What do you do when you are given a problem that starts with a “lie” and ends with a wrong answer? We’ll go in several directions with this problem, a system of two exponential equations in two variables.
The problem, and a failed attempt
It came from Eli in May 2022:
Hello! This is my first time using Dr. Math. I worked out a question on finding unknowns in indices but my answers were not even close to the final answer I was supposed to get. I’m assuming it’s a misconception I have to unlearn concerning my algebra. Could you please help me find it?
Doctor Fenton answered:
Hi,
This is a strange question, since its premise is false. The quotient
(log10(7))/(log10(3))
is NOT 9/5.
As you calculated, 9/5 = 1.8, but (log10(7))/(log10(3)) = 1.771243749… , so 1.8 is only a rough approximation, not an exact value.
Mathematicians are accustomed to using exact values, so starting with a technically false statement feels wrong. We’ll see that the “approximate lie” we’re starting with is not entirely a bad idea, but it can lead to confusion!
You correctly used the change of base formula to write (log10(7))/(log10(3)) = log3(7), so log3(7) would be 9/5, if the “given” were true. However, you have only used one of the equations, while the problem asked you to find the solution of a set of simultaneous equations. I’m not sure what they expect you to do.
One possibility is to “pretend” that indeed log3(7) = 1.8, find the two equations for p and q, and solve for p and q.
(Alternatively, you could think that instead of 7, there is a number x such that log3(x) = 9/5, and such that xp = 3q+1, and 9p-1=(9x)2q+1. Now solve for p and q.)
Can you rewrite the two exponential equations as linear equations in p and q, using one of the modified assumptions? If so, can you solve the equations for p and q?
Yes, we will be “pretending”, and thus finding an approximate answer. Eventually, we’ll transform the problem into a useful technique for finding accurate answers.

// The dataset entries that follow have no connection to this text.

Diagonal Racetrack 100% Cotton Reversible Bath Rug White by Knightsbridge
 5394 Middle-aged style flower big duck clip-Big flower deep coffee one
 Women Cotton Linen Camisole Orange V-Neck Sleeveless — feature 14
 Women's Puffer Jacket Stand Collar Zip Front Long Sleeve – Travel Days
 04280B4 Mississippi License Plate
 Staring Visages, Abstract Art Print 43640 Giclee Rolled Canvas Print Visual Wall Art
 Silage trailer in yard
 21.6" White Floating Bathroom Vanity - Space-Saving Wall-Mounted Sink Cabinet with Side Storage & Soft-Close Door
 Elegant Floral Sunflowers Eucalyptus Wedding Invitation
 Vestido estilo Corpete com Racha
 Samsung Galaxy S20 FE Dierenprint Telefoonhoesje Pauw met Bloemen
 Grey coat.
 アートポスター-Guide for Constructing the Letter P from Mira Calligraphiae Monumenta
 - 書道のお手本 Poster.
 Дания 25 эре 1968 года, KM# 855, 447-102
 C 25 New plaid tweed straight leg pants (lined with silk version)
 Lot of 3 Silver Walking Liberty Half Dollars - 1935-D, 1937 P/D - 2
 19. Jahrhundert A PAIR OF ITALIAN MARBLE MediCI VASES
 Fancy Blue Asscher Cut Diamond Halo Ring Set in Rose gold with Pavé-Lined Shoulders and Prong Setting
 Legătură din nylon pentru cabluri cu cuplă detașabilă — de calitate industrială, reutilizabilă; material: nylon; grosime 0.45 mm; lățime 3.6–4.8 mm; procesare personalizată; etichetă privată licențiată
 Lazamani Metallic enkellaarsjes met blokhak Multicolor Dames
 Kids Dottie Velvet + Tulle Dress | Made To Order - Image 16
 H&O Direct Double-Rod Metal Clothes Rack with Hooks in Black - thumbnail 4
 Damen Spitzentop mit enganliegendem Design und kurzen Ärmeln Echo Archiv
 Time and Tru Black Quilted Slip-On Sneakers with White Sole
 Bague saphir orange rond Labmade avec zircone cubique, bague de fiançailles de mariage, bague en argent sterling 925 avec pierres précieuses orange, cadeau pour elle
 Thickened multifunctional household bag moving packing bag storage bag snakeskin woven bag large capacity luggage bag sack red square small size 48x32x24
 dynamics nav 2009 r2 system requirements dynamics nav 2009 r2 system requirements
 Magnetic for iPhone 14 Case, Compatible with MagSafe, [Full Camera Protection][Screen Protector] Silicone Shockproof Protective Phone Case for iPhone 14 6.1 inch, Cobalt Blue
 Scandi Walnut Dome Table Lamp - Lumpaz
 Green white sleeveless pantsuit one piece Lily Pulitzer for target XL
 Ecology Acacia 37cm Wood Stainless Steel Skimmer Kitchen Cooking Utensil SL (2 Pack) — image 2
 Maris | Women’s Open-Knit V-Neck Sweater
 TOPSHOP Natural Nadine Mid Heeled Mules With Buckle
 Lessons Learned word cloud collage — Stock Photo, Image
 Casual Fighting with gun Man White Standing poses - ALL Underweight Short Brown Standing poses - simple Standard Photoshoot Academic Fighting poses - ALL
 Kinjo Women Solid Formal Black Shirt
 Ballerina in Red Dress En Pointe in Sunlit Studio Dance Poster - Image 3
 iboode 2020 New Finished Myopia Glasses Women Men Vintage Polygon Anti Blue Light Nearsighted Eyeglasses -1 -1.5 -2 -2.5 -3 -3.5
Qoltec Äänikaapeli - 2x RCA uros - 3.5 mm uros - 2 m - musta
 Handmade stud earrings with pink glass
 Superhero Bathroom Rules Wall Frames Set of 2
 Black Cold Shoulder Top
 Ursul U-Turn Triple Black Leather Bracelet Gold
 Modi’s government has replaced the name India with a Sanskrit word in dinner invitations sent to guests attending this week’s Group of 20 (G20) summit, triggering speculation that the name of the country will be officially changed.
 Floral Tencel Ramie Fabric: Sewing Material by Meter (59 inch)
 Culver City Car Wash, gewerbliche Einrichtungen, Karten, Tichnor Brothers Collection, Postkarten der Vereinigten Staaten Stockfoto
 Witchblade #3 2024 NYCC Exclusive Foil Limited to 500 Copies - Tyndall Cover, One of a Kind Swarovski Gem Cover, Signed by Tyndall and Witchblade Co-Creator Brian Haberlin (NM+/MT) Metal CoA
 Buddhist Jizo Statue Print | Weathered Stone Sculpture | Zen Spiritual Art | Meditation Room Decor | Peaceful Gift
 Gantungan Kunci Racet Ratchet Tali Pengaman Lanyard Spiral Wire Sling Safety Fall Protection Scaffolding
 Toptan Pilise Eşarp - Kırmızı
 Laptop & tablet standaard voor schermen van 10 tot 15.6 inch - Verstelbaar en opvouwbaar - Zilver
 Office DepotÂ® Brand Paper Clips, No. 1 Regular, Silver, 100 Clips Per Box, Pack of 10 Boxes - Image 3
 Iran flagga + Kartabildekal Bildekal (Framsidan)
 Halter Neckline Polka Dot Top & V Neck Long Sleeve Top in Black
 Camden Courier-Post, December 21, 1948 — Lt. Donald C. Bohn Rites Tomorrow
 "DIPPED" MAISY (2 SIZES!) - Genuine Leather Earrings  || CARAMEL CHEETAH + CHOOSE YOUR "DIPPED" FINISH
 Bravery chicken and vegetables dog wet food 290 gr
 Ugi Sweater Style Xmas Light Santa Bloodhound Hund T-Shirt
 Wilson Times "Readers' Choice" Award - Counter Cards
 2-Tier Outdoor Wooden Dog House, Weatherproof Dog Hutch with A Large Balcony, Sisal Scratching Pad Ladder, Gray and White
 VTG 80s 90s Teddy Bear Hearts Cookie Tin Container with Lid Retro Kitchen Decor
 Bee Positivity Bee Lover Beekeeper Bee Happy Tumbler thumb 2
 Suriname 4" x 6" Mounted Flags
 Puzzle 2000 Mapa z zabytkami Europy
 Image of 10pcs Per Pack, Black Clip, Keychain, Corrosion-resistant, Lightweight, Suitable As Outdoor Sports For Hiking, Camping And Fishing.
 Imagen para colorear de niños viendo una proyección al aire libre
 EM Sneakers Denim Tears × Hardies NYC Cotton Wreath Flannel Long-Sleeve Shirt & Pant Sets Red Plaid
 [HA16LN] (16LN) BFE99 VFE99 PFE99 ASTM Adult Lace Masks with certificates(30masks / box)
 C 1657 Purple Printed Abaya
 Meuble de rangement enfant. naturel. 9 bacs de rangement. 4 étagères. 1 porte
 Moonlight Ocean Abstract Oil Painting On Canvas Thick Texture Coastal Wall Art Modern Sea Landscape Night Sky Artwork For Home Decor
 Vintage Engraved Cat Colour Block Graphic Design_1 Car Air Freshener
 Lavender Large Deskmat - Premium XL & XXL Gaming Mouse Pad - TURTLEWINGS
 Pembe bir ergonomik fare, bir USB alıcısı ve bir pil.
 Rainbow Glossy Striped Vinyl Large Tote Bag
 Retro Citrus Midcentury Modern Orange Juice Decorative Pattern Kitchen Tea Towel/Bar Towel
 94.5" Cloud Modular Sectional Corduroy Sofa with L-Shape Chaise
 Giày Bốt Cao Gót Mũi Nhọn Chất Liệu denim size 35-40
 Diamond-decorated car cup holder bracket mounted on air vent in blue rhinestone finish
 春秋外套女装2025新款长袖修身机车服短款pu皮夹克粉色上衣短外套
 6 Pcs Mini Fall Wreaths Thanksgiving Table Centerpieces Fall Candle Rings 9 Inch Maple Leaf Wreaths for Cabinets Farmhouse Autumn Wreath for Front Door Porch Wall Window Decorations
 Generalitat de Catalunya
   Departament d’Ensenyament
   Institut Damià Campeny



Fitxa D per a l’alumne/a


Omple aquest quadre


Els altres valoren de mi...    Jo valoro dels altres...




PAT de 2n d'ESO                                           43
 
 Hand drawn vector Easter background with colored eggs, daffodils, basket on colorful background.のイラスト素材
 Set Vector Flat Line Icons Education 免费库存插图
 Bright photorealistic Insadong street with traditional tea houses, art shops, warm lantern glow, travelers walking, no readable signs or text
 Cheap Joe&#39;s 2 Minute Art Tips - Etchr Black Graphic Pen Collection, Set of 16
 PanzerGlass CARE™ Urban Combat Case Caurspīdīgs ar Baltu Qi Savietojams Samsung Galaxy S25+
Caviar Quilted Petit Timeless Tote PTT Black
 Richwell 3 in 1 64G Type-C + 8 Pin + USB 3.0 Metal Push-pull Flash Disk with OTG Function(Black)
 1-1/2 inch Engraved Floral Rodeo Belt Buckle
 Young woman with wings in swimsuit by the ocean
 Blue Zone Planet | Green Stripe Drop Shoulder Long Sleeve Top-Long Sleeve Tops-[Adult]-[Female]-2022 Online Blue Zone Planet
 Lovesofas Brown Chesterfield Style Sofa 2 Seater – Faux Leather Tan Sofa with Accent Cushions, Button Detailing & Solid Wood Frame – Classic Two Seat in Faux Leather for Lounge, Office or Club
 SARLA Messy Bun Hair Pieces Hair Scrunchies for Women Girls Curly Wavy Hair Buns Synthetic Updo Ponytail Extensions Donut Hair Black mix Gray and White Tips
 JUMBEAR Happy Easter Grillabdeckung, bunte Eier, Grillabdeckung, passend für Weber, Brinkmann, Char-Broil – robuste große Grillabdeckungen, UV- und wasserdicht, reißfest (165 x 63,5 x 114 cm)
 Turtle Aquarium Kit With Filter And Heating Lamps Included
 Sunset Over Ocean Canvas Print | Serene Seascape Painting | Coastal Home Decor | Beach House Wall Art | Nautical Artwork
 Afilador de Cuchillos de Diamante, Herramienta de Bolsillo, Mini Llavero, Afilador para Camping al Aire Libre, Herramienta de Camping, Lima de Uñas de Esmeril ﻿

We’ll be looking back at Eli’s work later.
A better try … in fact, it’s correct!
He answered:
Hello, once again.
I expressed the two exponential equations linearly but somehow I am still getting different answers from what they expect. Maybe it’s an algebraic error on my side or maybe they were wrong but I will need your answers to confirm.
We’ll see that, in fact, they are wrong …
Let’s carry out the work to solve the system of linear equations.
He took logs, $$\log_3\left(7^p\right)=\log_3\left(3^{3q+1}\right)\\\log_3\left(9^{p-1}\right)=\log_3\left(63^{2q+1}\right),$$ expanded to make linear equations,
$$p\log_3\left(7\right)=(3q+1)\log_3\left(3\right)\\(p-1)\log_3\left(9\right)=(2q+1)\log_3\left(63\right),$$ and then inserted the assumption, knowing that \(\log_3(63)=log_3(3^2\cdot7)=2+log_3(7)\):
$$\frac{9}{5}p=3q+1\\2p-2=4q+2+\frac{9}{5}(2q+1)$$
This simplifies to $$\frac{9}{5}p-3q=1\\2p-\left(4+\frac{18}{5}\right)q=4+\frac{9}{5}$$
Multiplying both equations by 5 to clear fractions, we get $$9p-15q=5\\10p-38q=29$$
Adding 38 times the first equation and -15 times the second to eliminate q, we add them and get $$(9\cdot38-10\cdot15)p=(5\cdot38-29\cdot15)\\\\192p=-245\\\\p=\frac{-245}{192}=-1.2760416…$$ Adding -10 times the first equation and 9 times the second to eliminate p, we get $$(15\cdot10-38\cdot9)p=(-5\cdot10+29\cdot9)\\-192p=211\\p=\frac{211}{-192}=-1.0989583…$$
So it turns out that he solved the system correctly, but his value for p disagrees with the book. Is there an error in the setup, or is the book wrong?
Doctor Rick joined in:
You’re doing a lot better this time; your linear equations in p and q look correct to me. The error must be in the details of your solution of that system, which you did not show.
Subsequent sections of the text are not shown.